“I may question the infallibility of the teachers, but I hope that I shall not therefore be accused of doubt as to the things to be taught.”

Anthony Trollope, Barchester Towers

In my Austen book club, someone suggested that we read Anthony Trollope’s book, Barchester Towers. Since my attention span is shot to hell after so many years of scrolling Twitter and clickbait about gross pictures from history, I found a 1982 adaptation of the book and its prequel, The Warden, on YouTube (starring a REALLY young Alan Rickman as Obadiah Slope–wow), and I quickly devoured all seven episodes in a Saturday, despite the poor production values. I am still only a few chapters into the book, but I am confident I can bluff my way through our next meeting. After all, I have a degree in English and therefore lots of practice.

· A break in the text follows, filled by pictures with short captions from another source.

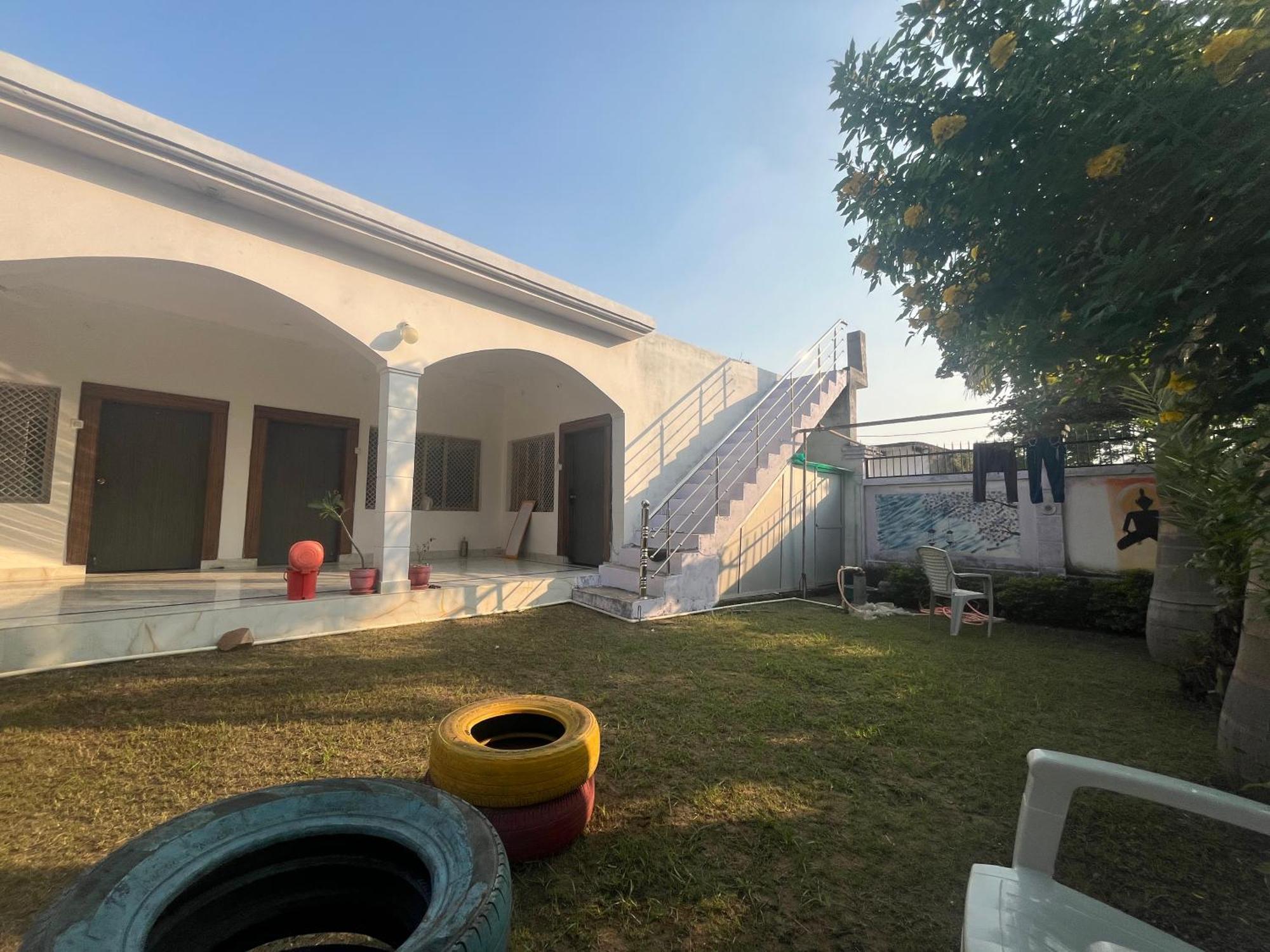 Sunrise Bed & Breakfast ขชุราโห ภายนอก รูปภาพ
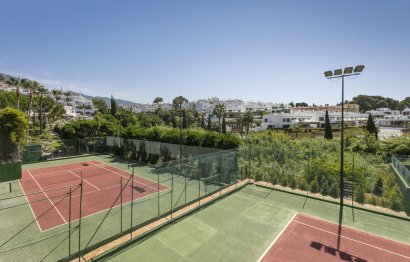 Resale - Apartment - Ground Floor Apartment - Marbella - The Golden Mile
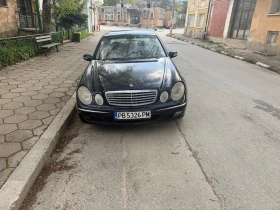 Mercedes-Benz E 220, снимка 1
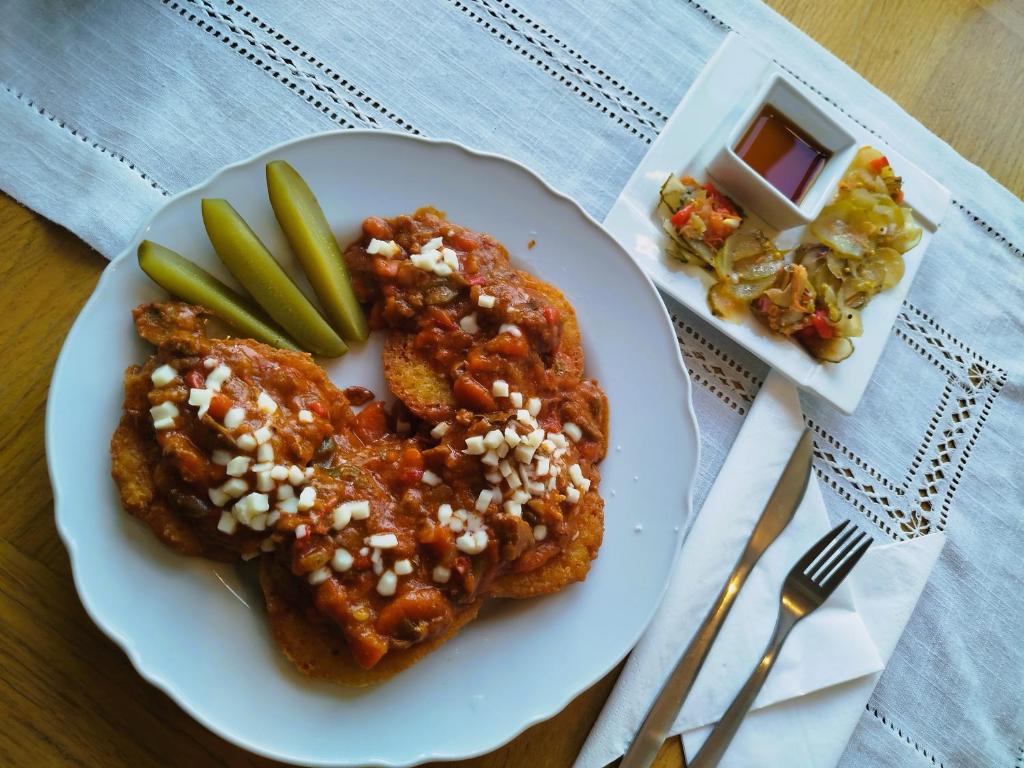 Jedlo v ubytovaní bed & breakfast alebo blízkom okolí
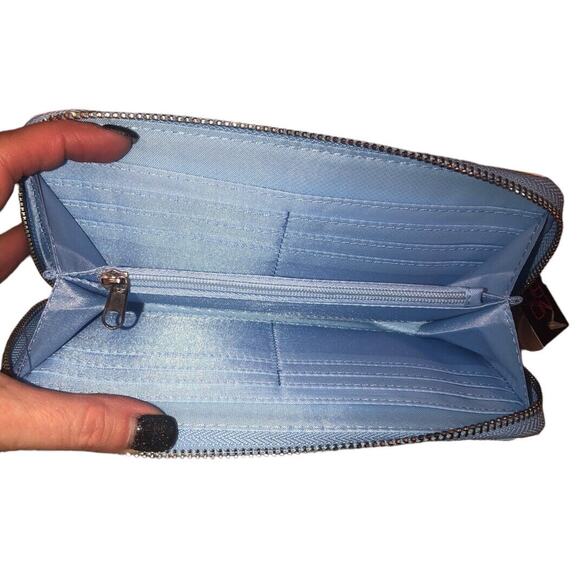 NOBO No Boundaries Zip Around Wallet Blue Sunflowers Brand New! - Picture 6 of 8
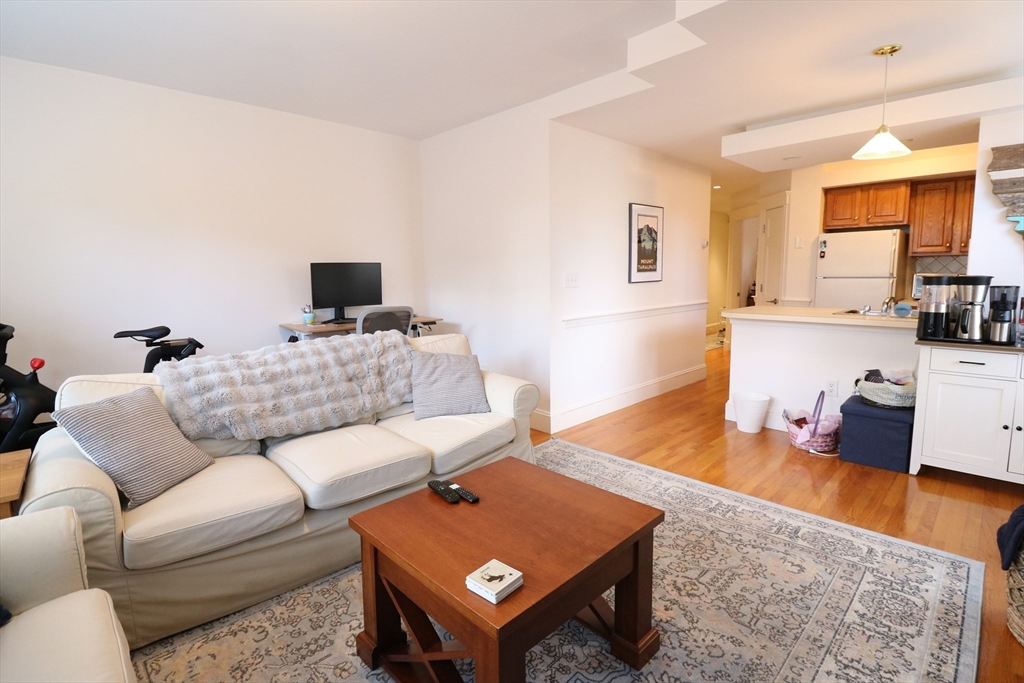 30 Upland Road, Unit 7 Cambridge, MA 02140 - Photo 6 of 14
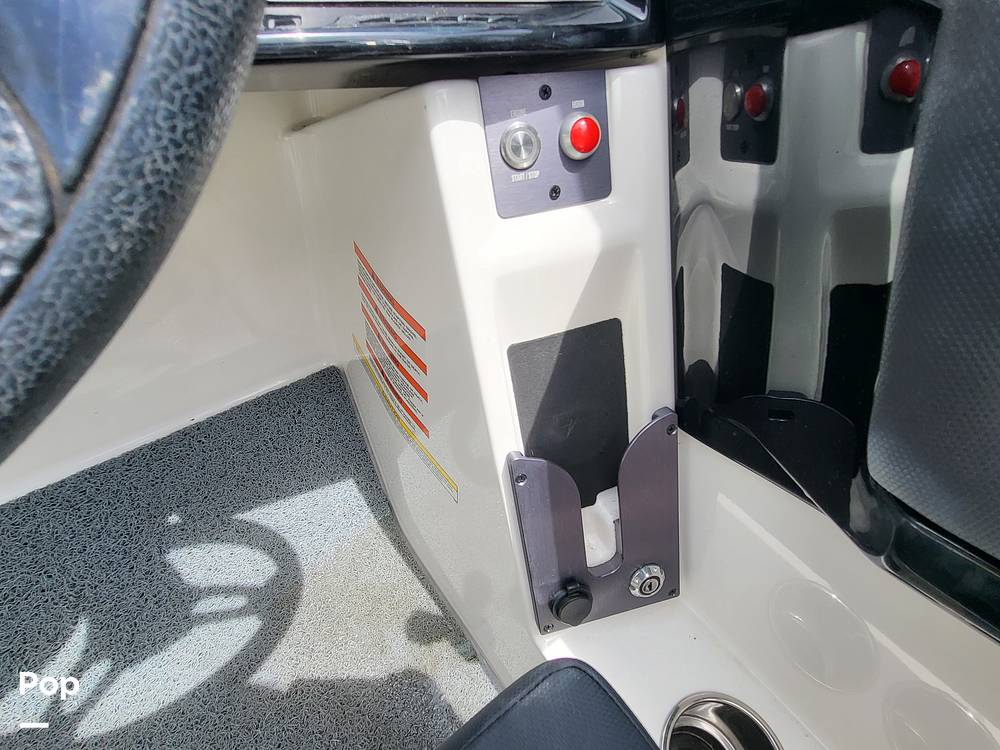 Slide: The Image of Mastercraft NXT22 2022 - 15445430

Trollope wrote about the evangelical reformations that were happening in the Victorian Church of England, and like Austen, his characters are the real draw, in all their perfectly-captured imperfections. It was impossible to avoid recognizing the types of people we find in our own Church, even though we don’t have a professional, paid clergy (*cough* *stipends* *cough*). While the offices and forms may differ, the attitudes and foibles are the same. The chief villain of the book is Mr. Obadiah Slope (played by a twenty-something Alan Rickman), the chaplain to the new Bishop, Dr. Proudie. Mr. Slope is an evangelical and wants to modernize and reform the Church by prohibiting Sunday travel, establishing evangelical-interpretation-based Sunday Schools to indoctrinate the children, and eliminating a lot of the choral singing which he believes “obscures” the plain truths [1].

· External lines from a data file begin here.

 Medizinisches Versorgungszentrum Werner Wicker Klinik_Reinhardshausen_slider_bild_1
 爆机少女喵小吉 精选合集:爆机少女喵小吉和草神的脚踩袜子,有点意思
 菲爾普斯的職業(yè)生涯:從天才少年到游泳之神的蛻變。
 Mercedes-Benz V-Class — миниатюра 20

Mr. Harding: a kindly clergyman who is given a job based on nepotism that overpays him and has no requirements, but hurts no one. He resigns when he is criticized in the newspaper due to a lawsuit against the Church, although his son-in-law, the Archdeacon wants him to fight against this lawsuit and assures him unsuccessfully that he was chosen on merit.

Dr. Grantly, the Archdeacon: Mr. Harding’s ambitious, canny son-in-law who wants the Bishopric, but doesn’t get it. He has a wealthy position in the Church, but would like more power. He is highly opinionated and ready to fight for his ideals. He dislikes evangelicals and church reform, preferring instead the old, high church traditions.

Mr. Proudie, the Bishop of Barchester: a completely ineffectual leader who barely speaks a word and lets his judgmental, high-minded wife make all decisions and speak for him. He becomes the Bishop when Dr. Grantly’s father dies. Or rather, we should say his wife and chaplain become the Bishop of Barchester.

Mr. Obadiah Slope: an ambitious, maneuvering chaplain who works for Mr. Proudie. Like Mrs. Proudie, he is an evangelical with an agenda to enforce obedience and to control the diocese by surrounding himself with biddable “yes men.” He is on the lookout for a wealthy wife, a higher position in the Church, and a bigger income and scope of power.

Mrs. Proudie: She is a wealthy, judgmental evangelical woman who makes all decisions for the bishop and speaks on his behalf. She only wants to surround herself with people she can control, and will eviscerate anyone who crosses her. She wants to do what’s right, and she doesn’t care who she has to destroy to do it. She disapproves of Mr. Slope’s flirtation with the local women, partly on the basis of “propriety,” partly because she despises his main object who has slighted her, and partly because she can’t control Mr. Slope, and that’s unacceptable to her.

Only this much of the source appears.